Ok, but what does that mean as far as its safe use for my sheep and goats?   Should I just peel some off and use the rest, or are both bales garbage?


----------



## bonbean01 (Sep 8, 2012)

From what I've read, moldy hay can cause sheep to not do well...cause respiratory problems, and abortions in ewes.  Sorry your hay is moldy


----------



## NachoFarm (Sep 8, 2012)

Ok, but how do I know if the whole bale is garbage or if it's just the top layer?  Can I just peel it off and use what's underneath?


----------



## bonbean01 (Sep 8, 2012)

Truly I don't know but am interested in this also...hope someone with good information responds.


----------



## ksalvagno (Sep 8, 2012)

Until you tear the bale apart, you don't know. Just make sure to smell it and not feed the moldy parts. If there is a lot of mold, then I wouldn't use it. It is my understanding that cows can eat moldy hay with no ill effects but I don't know if this is totally true since I don't own cows.


----------



## aggieterpkatie (Sep 8, 2012)

Ruminants can handle some mold, since they digest completely differently than horses and other monogastrics.  That doesn't mean I'd purposely feed really moldy stuff, but my sheep have occasionally had slightly musty hay before.  I'd peel off the moldy stuff, and look at the layer underneath. Sometimes bales get a little wet on the outside and the inside is still fine.  You'll just have to check.  I wouldn't give them the white moldy parts though.  If they're pregnant, I'd be even more careful to make sure it's mold free.


----------



## Karma (Sep 8, 2012)

Besides for as mentioned above where the mold growth is only on the ouside layer (usually from storing it on cement floors or wet ground, usually if it is moldy on the outside it is worse inside. When we buy round bales, I take a bat and give the bale a good whack. If a smoke like cloud comes from the bale it is a good indication it is way too moldy to feed - the smoke like cloud is key, dust will look like dust not smoke, with small bales you can drop them from 4' or higher and it does the same thing. I also work my arm into the middle of round bales to check for heat and moisture, and try to get a good handfull of the middle hay to inspect more closely. 

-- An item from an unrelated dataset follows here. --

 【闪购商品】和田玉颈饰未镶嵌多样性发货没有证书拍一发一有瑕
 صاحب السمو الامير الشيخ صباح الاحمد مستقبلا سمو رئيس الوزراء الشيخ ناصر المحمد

We honestly don't buy many round bales anymore as there is just too much waste if a bale is bad and farmers here are willing to let us split open square bales to check the quality inside, additionally we just can't find really good quality hay in round bales. We buy hay from horse people or the older family farms that have good reputations for quality hay - I find they are just more careful about mold and moisture content of their hay than the large dairy farms. 

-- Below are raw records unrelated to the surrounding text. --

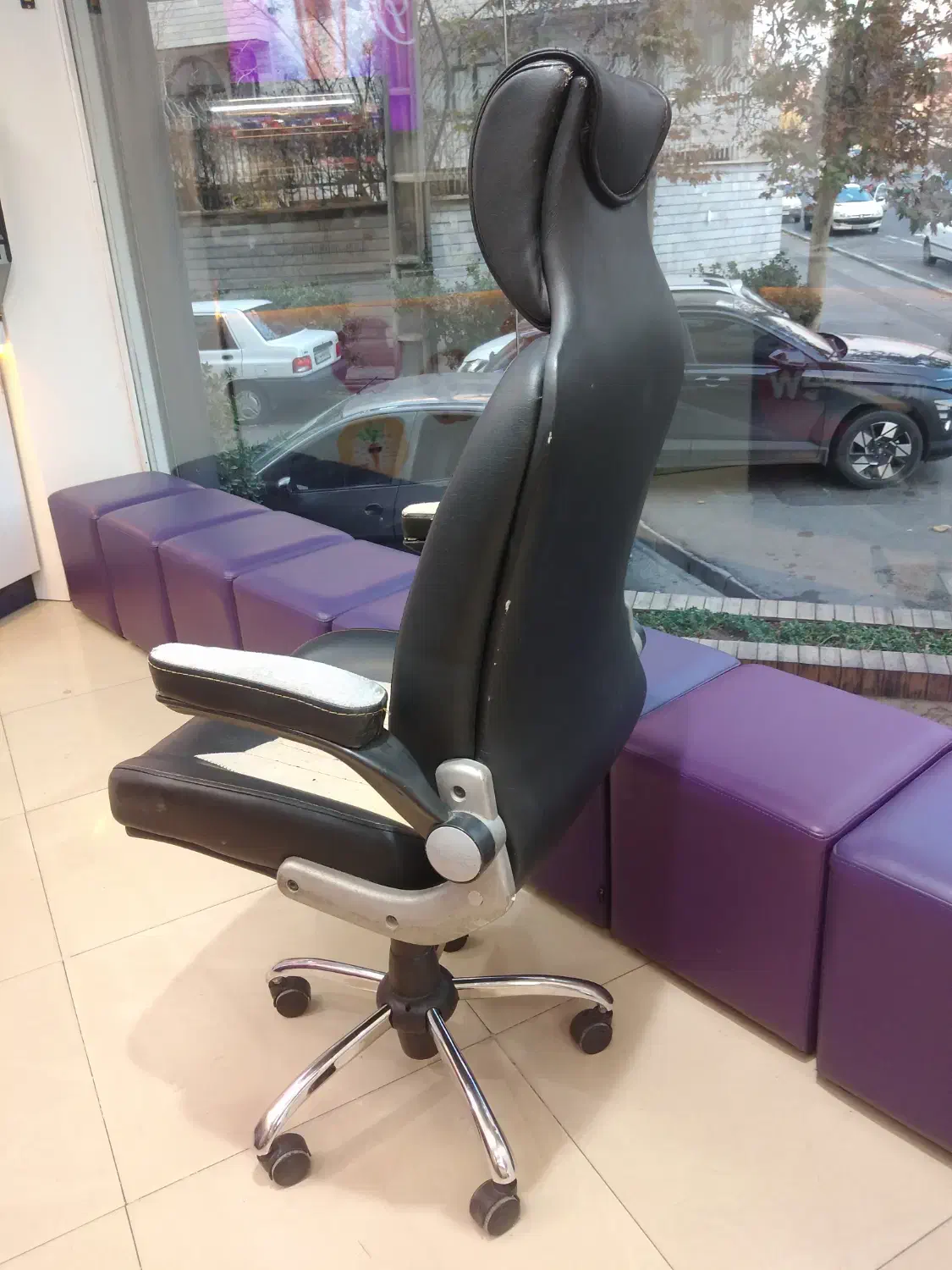 صندلی اداری|صندلی و نیمکت|تهران, جوانمردان (اندیشه)|دیوار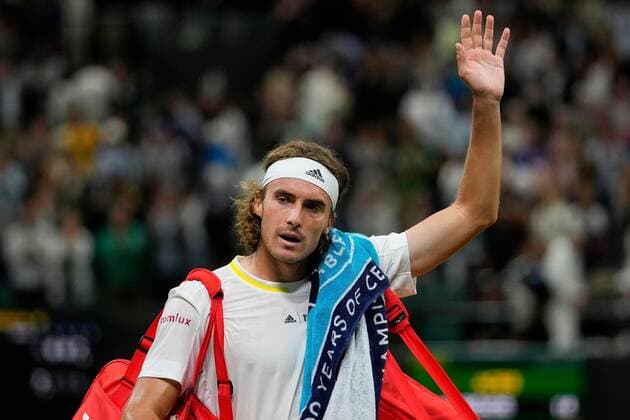Mandatory Credit: Photo by Dave Shopland Shutterstock (13012402jm) Stefanos Tsitsipas waves to the crowd after losing his third round match Wimbledon Tennis Championships, Day 6, The All England Lawn Tennis and Croquet Club, London, UK - 02 Jul 2022 Wimbledon Tennis Championships, Day 6, The All England Lawn Tennis and Croquet Club, London, UK - 02 Jul 2022  Copyright: xDavexShopland Shutterstockx 13012402jm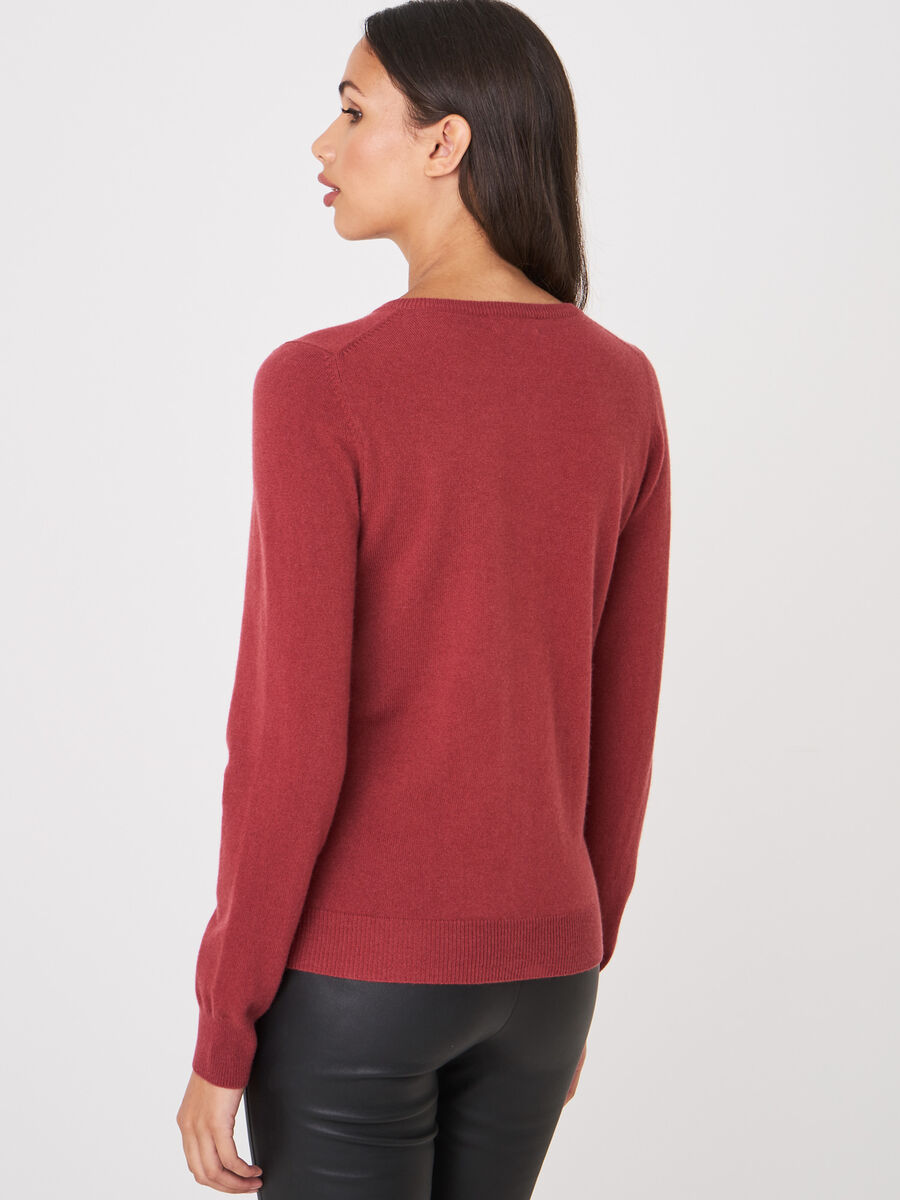 Basic-Strickjacke mit Rundhalsausschnitt aus Bio-Kaschmir image number 157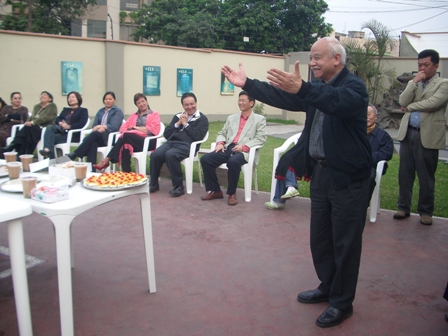 秘魯介休會館主席張冠駒先生致詞歡迎新任駐秘魯黃代表榮國夫婦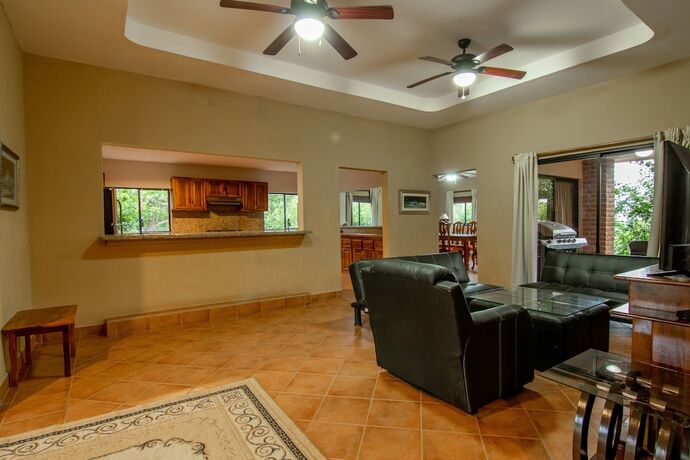 Imagen de la habitación del Hotel La Jolla de Guasacate. Foto 13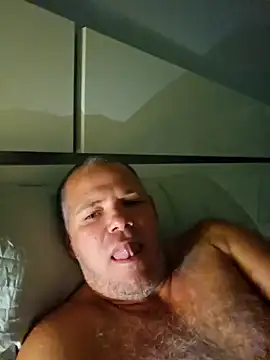 Snapshot of cubanitofeliz40 chatting on December 5, 9:29 am cubanitofeliz40 online show from December 5, 9:29 am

The main concerns when they eat moldy hay are B vitamin deficency and respiratory issues from them inhaling the spores. I have heard Listeriosis and goat polio can be issues, however I think you would be needing to feed some pretty rancid wet hay for that to occur as it is more typical with silage than hay. Keep in mind all hay has mold spores in it - it is just how it works, your storage methods should reduce any issues and prohibit growth from occuring to the point where your animals will get sick from eating it. If you are buying quality hay and it keeps coming up moldy, it may be your storage methods and NOT the hay causing the issues.


----------



## NachoFarm (Sep 8, 2012)

Well I'm sure the neighbors thought that someone was going to get a beating as I strolled over to the barn with a baseball bat in my hand.  . Anyways, I gave it a few good girl whacks and didn't notice any smoke.  There is definitely smoke when I pull from the top layer but I think the innards might be alright.  I reached inside and tried to pull out a bit and it isn't dusty or white.  Fingers crossed I guess.


----------



## Cornish Heritage (Sep 27, 2012)

> Can I just peel it off and use what's underneath?


I hope it is good inside. We had some moldy hay last year & it was disgusting. The cows did eat some of it but I never risked feeding it to the sheep. Our barn leaks a little so sometimes we will get mold forming on top of the bales but it never goes very deep & that doesn't seem to affect any of the animals. 

Liz


----------